Sometimes I find that a tale does not belong in a book or article I am writing, but it is too good to forget. This is one such example.
On March 19, 1945, Walter J. Freeman, M.D., the subject of my book The Lobotomist who popularized and developed the psychosurgical procedure known as the lobotomy, paged open the medical record of a schizophrenic patient named Alfred Weaver and wrote down a story:
“This man was admitted to St. Elizabeths Hospital [in Washington, D.C.] about 1938. Some years ago he gave the appearance of holding up some heavy object. When asked what it was, he said it was the men’s receiving building. Later he began holding up the Statue of Liberty, and when he stopped doing this he started holding up the Empire State Building. At the present time he is supporting the world. He usually holds it with both hands, but when he eats and his appetite is good (although he has lost some 40 lbs. recently), he supports the world with one hand. His arm was extended, his fingers were tightly clinched. The fingers are distorted by long, continued pressure. He was sweating profusely and his tongue is out between his teeth like one who is exerting himself to his utmost.”

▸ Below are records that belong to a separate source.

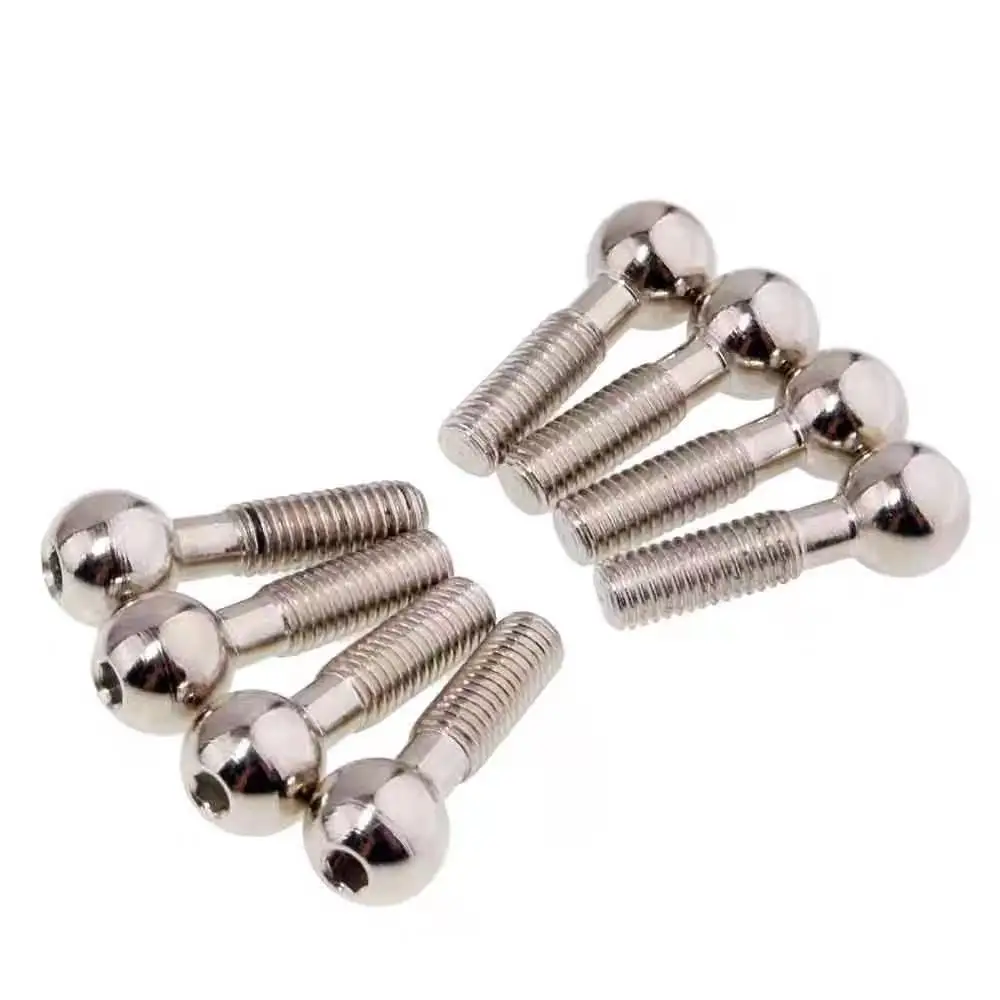 4pcs/8pcs 02152 M5 Ball Head Screw 94122/155/166/188 Applicable for 1/10 Nitro RC Vehicle Model Car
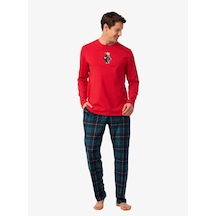 Blackspade Erkek Polar Pijama Takımı 40979 - Kırmızı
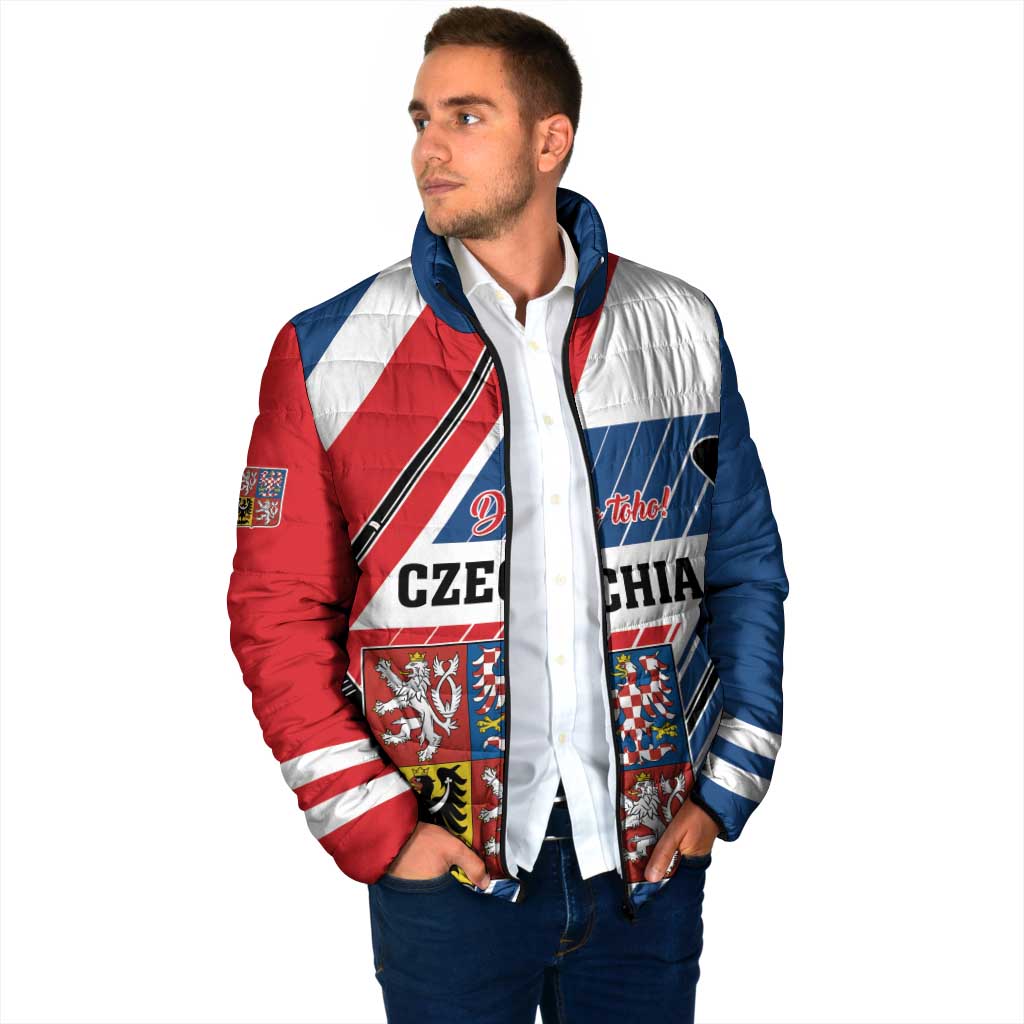 Custom Hockey 2026 Czech Republic Padded Jacket Team Czechia Go Champions - Wonder Print Shop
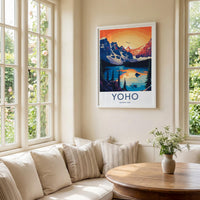 Yoho National Park Poster - Mountain Wall Decor & Watercolor Nature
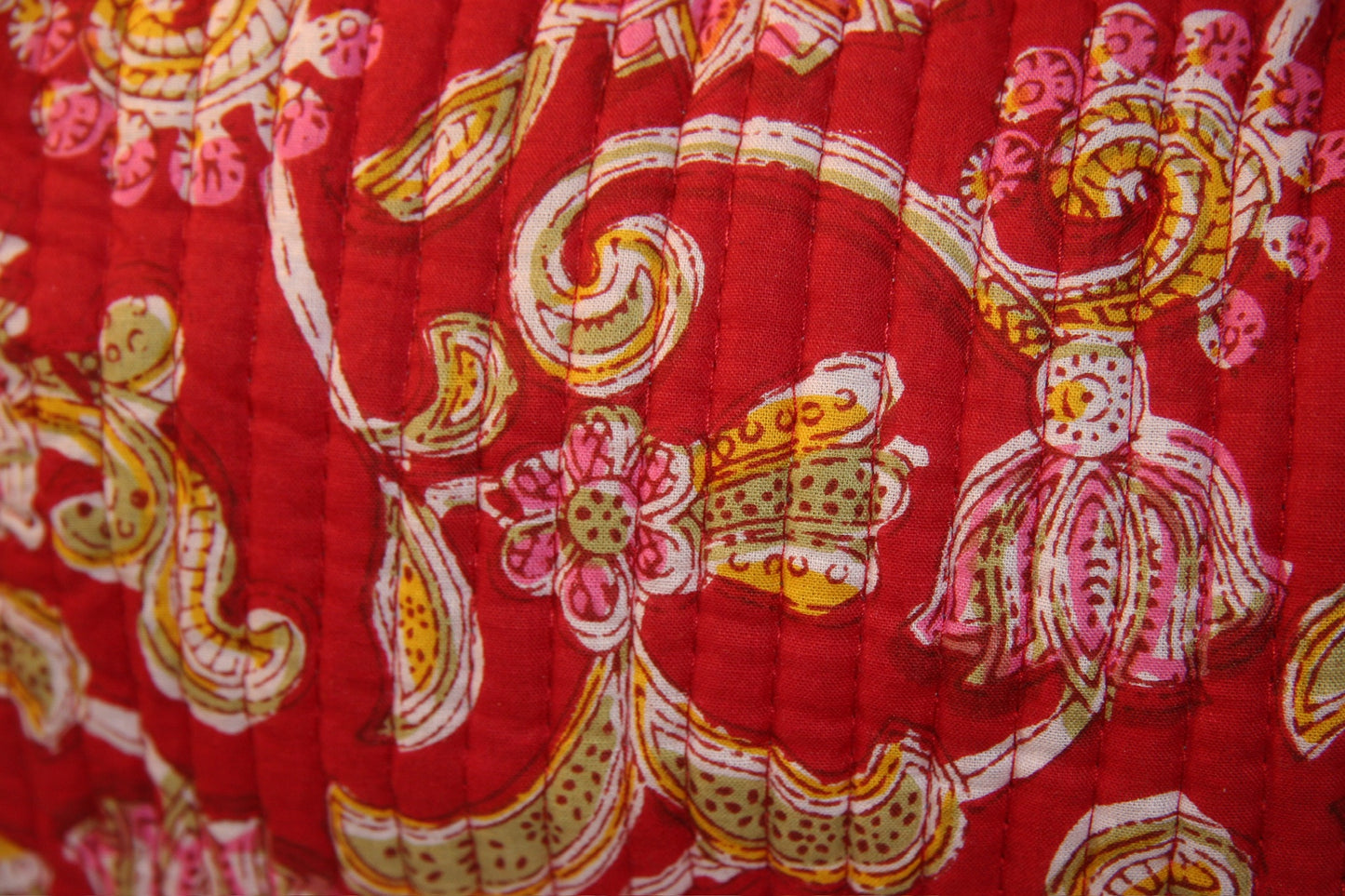 rufus cosmetic bag fair trade handmade block print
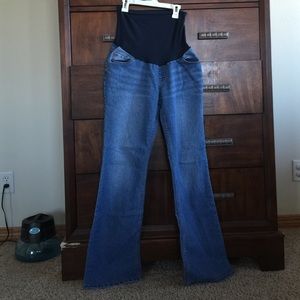 Motherhood maternity jeans- light wash- boot cut
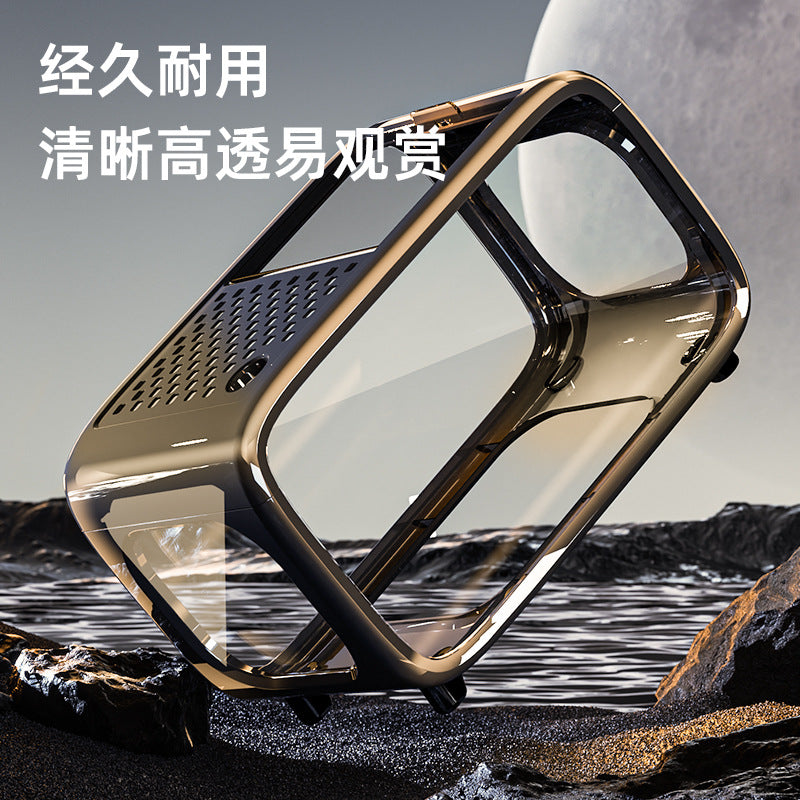 严选轻奢鱼缸家用高级带盖透明客厅造景生态缸玄关装饰塑料水族箱
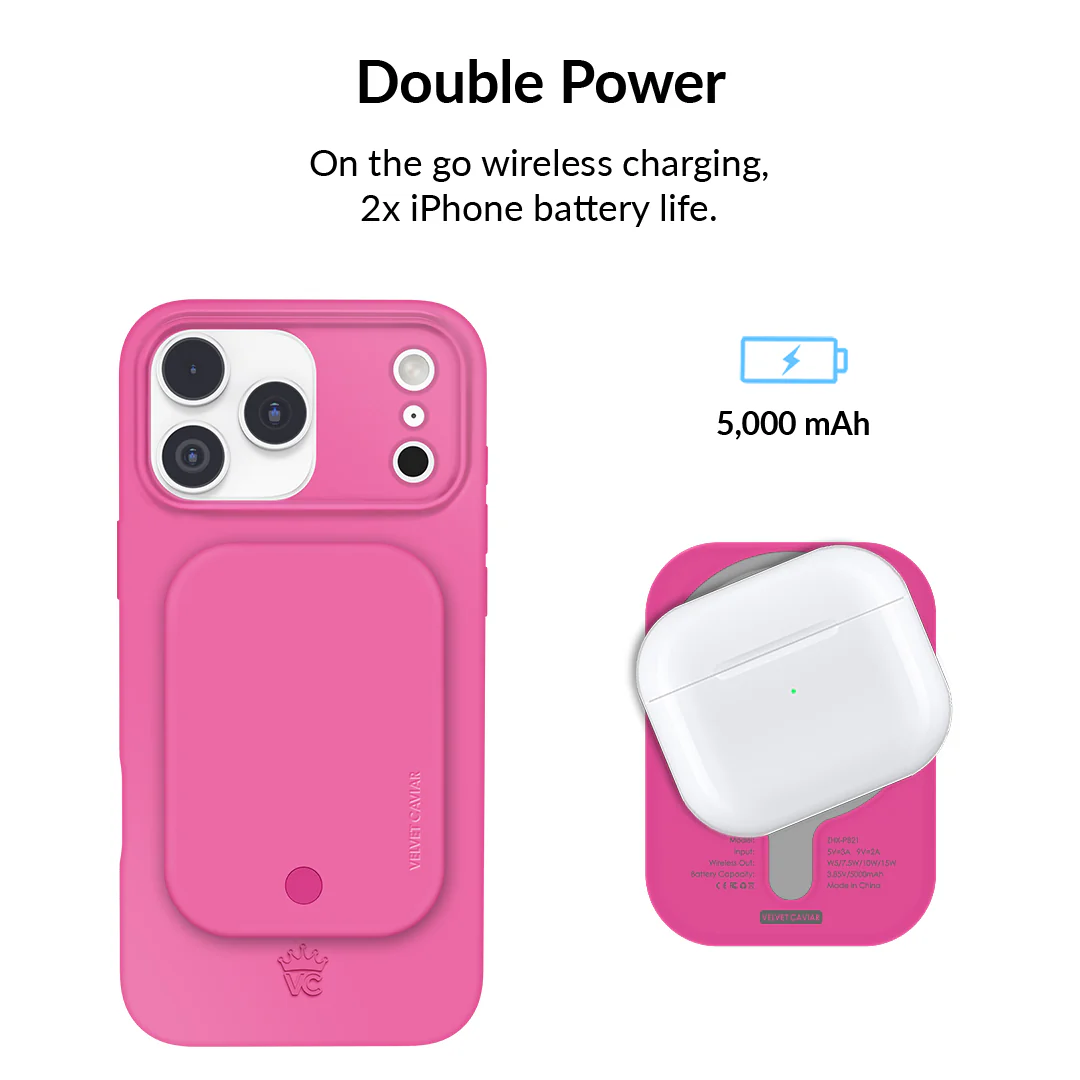 Orchid Pink MagSafe Battery Power Pack - Image 3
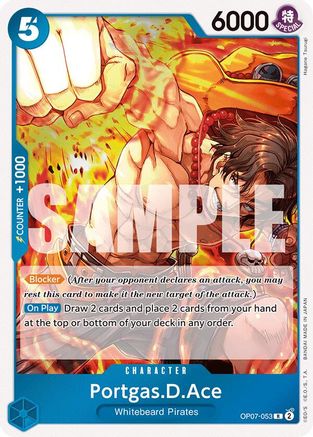 Portgas.D.Ace (053) (OP07-053) - [500 Years in the Future] Foil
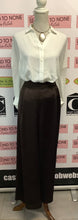 Load image into Gallery viewer, House of Harlow Brown Satin Pants (Size L)
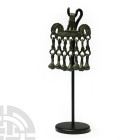 Viking Age Bronze Ship Pendant with Bell Dangles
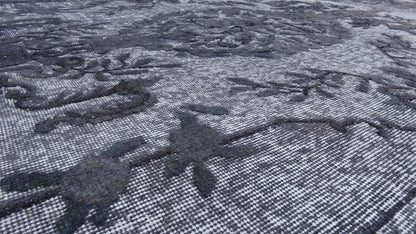 Grey Area Rug Vintage Rug Vintage living room rug Dark wool  Oriental RUG, Turkey Rugs Modern Oushak Rug Modern rug, Vintage Rug Persian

Freeman didn’t stop there — he had more story to tell. When a physician pressed down upon Weaver’s arm, the patient declared, “Oh, God! Don’t you think I am holding up enough already?” Another patient entered the room by crawling on the floor, and Weaver told a nurse that “someone should explain to that man that he really can walk — he just imagines he can’t.” Freeman detailed the quick retaliation of the crawling patient, who pointed out to the same nurse that “someone ought to tell Mr. Weaver the he is really not holding up the world — he just imagines he is.” Finally Freeman concluded: “The burden which Mr. Weaver is carrying seemed almost too much, so we decided to try and relieve him of this; therefore, a prefrontal lobotomy was decided upon.”
The outcome of this unfortunate patient’s lobotomy, one of some 3,500 psychosurgical operations Freeman directed during his career, is unknown. All that survives is the story. Say what you may about Freeman — that he was arrogant, quick to judge, unethical, misguided, or blind to his failings — he could tell a story. His narrative of patient Weaver combines irony, comedy, sharp observation, and rhythmic nuance to create a portrait. Something a bit superior and mean-spirited also flavors this story, and it tells us about Freeman.
One story less than 200 words long illuminates the personalities of two men, the subject and the narrator. That is a demonstration of the power of storytelling. Freeman’s story is scientifically unproductive, telling little of value about the patient’s medical condition, the cause of his illness, or how a lobotomy or any other treatment might help. Yet it conveys a great deal about the patient’s discomfort, social position in the hospital, and relationship to his caregivers. These are personal aspects of Alfred Weaver’s experience, the facets of his life that a scientific examination might ignore. Nothing delivers those human qualities more forcefully and convincingly than a story.